“Be careful what you wish for.”
Dir. Robert Kurtzman
The Genie (djinn, rather) is out the lamp (ruby in this case) and wants three wishes from the bearer so he can call his friends from the other dimension and enslave the earth. Yeah, nice guy. Sounds dumb, but after surprise success of Scream (1996), Wes Craven produces something decidedly more b-movie; so we’re lead to believe with his name slapped all over the place. Actually, the creative force here is the guy who made Hellraiser 3 and rest assured, his squiggly cartoon signature is heavily felt. I mean, did you ever think a genie could be scary? You’re correct if you opted for no, though as a consolation this one is as grotesque as they come. He’s one nasty mofo in fact and takes the “you got what you wished for” stance to new and disgusting heights.
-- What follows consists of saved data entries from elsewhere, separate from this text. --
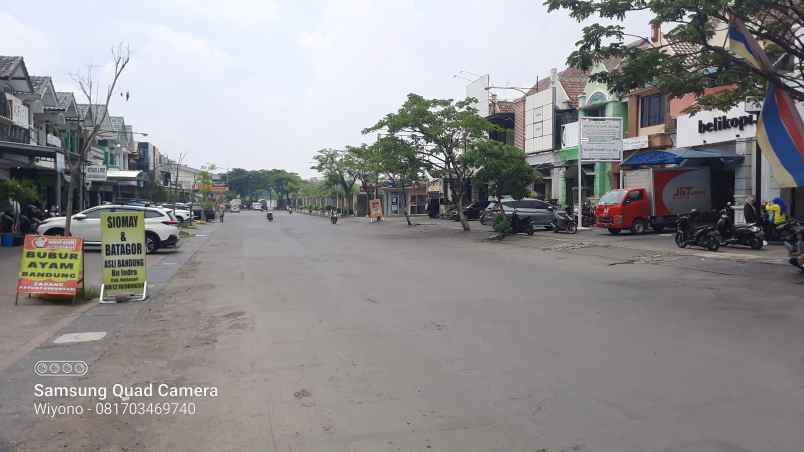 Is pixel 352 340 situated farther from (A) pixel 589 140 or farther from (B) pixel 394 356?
(A) pixel 589 140

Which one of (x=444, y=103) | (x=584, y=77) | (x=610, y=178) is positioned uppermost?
(x=584, y=77)

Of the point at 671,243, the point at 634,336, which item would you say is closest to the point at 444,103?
the point at 671,243

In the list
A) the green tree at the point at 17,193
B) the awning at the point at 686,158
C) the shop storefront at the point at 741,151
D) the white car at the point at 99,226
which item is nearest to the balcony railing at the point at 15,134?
the green tree at the point at 17,193

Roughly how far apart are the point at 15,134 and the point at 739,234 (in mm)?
35570

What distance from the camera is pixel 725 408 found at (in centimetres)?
494

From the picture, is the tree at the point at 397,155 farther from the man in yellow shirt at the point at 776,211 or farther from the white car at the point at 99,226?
the man in yellow shirt at the point at 776,211

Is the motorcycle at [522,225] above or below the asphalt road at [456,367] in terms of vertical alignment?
above

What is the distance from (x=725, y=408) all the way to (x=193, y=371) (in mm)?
4855

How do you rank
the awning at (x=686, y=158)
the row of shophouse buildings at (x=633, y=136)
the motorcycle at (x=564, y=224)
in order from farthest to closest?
the motorcycle at (x=564, y=224), the awning at (x=686, y=158), the row of shophouse buildings at (x=633, y=136)

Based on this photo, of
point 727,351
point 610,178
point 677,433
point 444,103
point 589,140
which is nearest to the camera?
point 677,433

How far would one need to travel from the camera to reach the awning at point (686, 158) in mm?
24188

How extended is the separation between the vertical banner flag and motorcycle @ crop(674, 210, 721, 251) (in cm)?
570

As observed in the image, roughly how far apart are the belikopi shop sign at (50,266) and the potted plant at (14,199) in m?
12.9

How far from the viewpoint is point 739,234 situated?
18203 millimetres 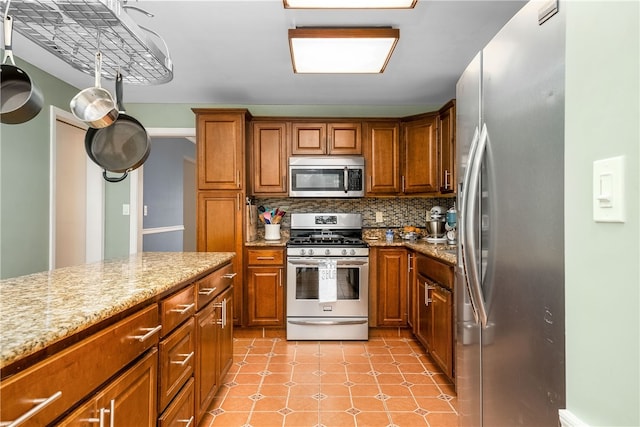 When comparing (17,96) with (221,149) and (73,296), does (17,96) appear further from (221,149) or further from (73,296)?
(221,149)

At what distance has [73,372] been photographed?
2.99 feet

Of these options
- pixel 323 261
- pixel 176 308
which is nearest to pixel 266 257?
pixel 323 261

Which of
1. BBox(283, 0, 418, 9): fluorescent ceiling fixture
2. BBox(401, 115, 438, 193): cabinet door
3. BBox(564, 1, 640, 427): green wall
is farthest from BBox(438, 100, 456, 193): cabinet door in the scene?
BBox(564, 1, 640, 427): green wall

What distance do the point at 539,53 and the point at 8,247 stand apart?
146 inches

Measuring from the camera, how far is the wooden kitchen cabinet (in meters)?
3.51

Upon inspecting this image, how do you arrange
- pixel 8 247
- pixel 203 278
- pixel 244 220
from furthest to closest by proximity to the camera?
pixel 244 220
pixel 8 247
pixel 203 278

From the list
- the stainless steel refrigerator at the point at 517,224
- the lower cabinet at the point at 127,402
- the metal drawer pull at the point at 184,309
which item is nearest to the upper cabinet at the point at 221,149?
the metal drawer pull at the point at 184,309

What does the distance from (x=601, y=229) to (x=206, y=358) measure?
6.19 feet

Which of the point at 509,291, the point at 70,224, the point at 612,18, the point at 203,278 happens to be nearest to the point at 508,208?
the point at 509,291

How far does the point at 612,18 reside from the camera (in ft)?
2.16

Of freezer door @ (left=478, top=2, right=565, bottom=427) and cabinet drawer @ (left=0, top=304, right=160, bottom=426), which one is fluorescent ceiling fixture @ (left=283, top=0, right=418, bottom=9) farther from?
cabinet drawer @ (left=0, top=304, right=160, bottom=426)

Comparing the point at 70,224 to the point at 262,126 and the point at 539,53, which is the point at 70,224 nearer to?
the point at 262,126

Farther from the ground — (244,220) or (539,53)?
(539,53)

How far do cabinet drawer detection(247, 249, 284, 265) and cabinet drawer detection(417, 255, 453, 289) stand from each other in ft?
4.37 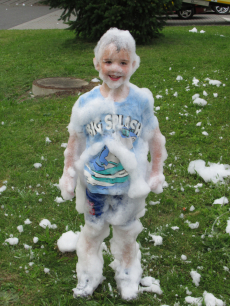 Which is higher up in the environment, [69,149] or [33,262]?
[69,149]

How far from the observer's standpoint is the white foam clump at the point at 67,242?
3.09 m

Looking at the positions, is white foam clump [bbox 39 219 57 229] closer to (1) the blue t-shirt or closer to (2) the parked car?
(1) the blue t-shirt

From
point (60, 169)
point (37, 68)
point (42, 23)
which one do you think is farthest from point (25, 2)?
point (60, 169)

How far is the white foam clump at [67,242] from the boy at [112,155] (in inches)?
21.4

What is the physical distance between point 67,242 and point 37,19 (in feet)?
54.3

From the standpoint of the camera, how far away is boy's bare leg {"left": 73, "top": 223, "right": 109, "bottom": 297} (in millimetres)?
2496

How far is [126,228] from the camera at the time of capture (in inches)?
94.5

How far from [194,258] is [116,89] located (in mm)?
1762

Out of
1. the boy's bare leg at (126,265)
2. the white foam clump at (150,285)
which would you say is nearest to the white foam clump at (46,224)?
the boy's bare leg at (126,265)

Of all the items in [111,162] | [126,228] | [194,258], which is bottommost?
[194,258]

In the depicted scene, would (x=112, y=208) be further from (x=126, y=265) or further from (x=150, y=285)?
(x=150, y=285)

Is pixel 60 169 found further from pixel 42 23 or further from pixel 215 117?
pixel 42 23

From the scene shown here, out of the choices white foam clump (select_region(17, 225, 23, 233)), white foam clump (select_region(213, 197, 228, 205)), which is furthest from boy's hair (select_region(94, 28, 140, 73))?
white foam clump (select_region(213, 197, 228, 205))

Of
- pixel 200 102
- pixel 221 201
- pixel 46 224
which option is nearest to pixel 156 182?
pixel 46 224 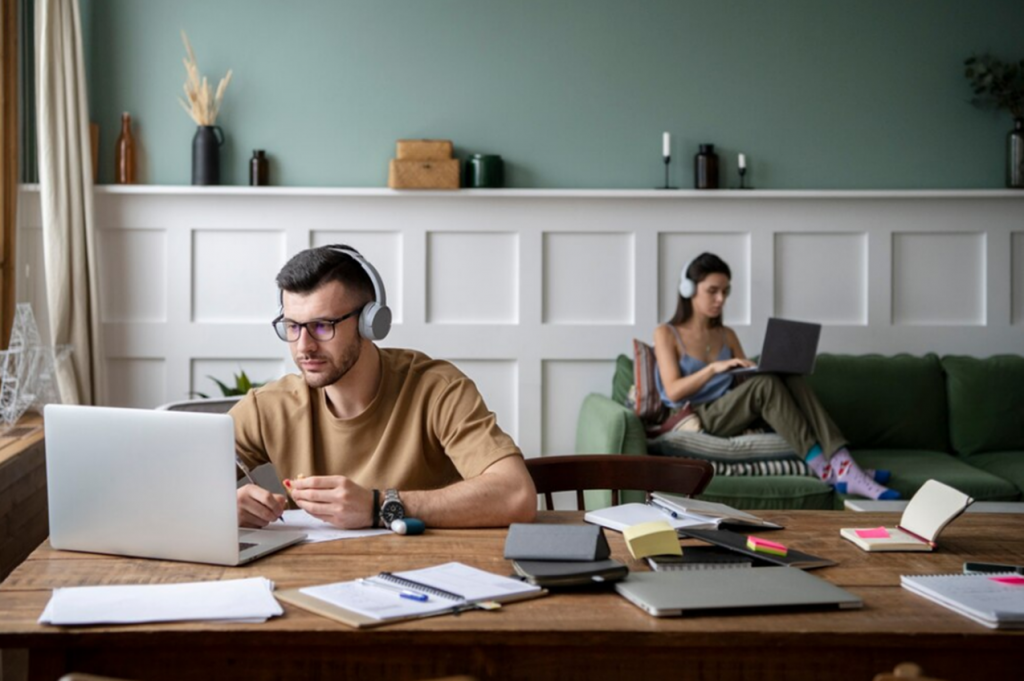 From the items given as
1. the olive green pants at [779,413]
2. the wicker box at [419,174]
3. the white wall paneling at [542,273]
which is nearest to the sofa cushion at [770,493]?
the olive green pants at [779,413]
All in shades of camp of course; one woman is coerced (as is often the case with this slippery Djinn) to wish she could stay beautiful forever and subsequently becomes a manikin. The dramatic sound-track pre-warns us of the silliness in store and if goofy isn’t your dish you’re in for a hard time here. Andrew Divoff, however, whilst not terrifying brings some depth to the Wishmaster with a most sleazy demeanour and memorably accented voice; he was surely born to play this part and in the djinn, creates something of a modest horror icon. But who will stop the cloaked meanie and his ironic reign of terror? Well, there is a mythology which adds to the playfulness – though no one will scrutinise this too much. If that’s not enough, Wes Craven pulls in some favours and Robert Englund and Tony Todd (amongst other horror icons) make entertaining cameos. Moreover, there are some surprisingly strong performances for a film of this calibre, especially from Jenny O’Hara (check out how many different persona’s she does here) who outdoes moderate lead, Tammy Lauren. Perhaps one of the better 90’s b-horrors – just don’t wish for a sequel- oops three films too late.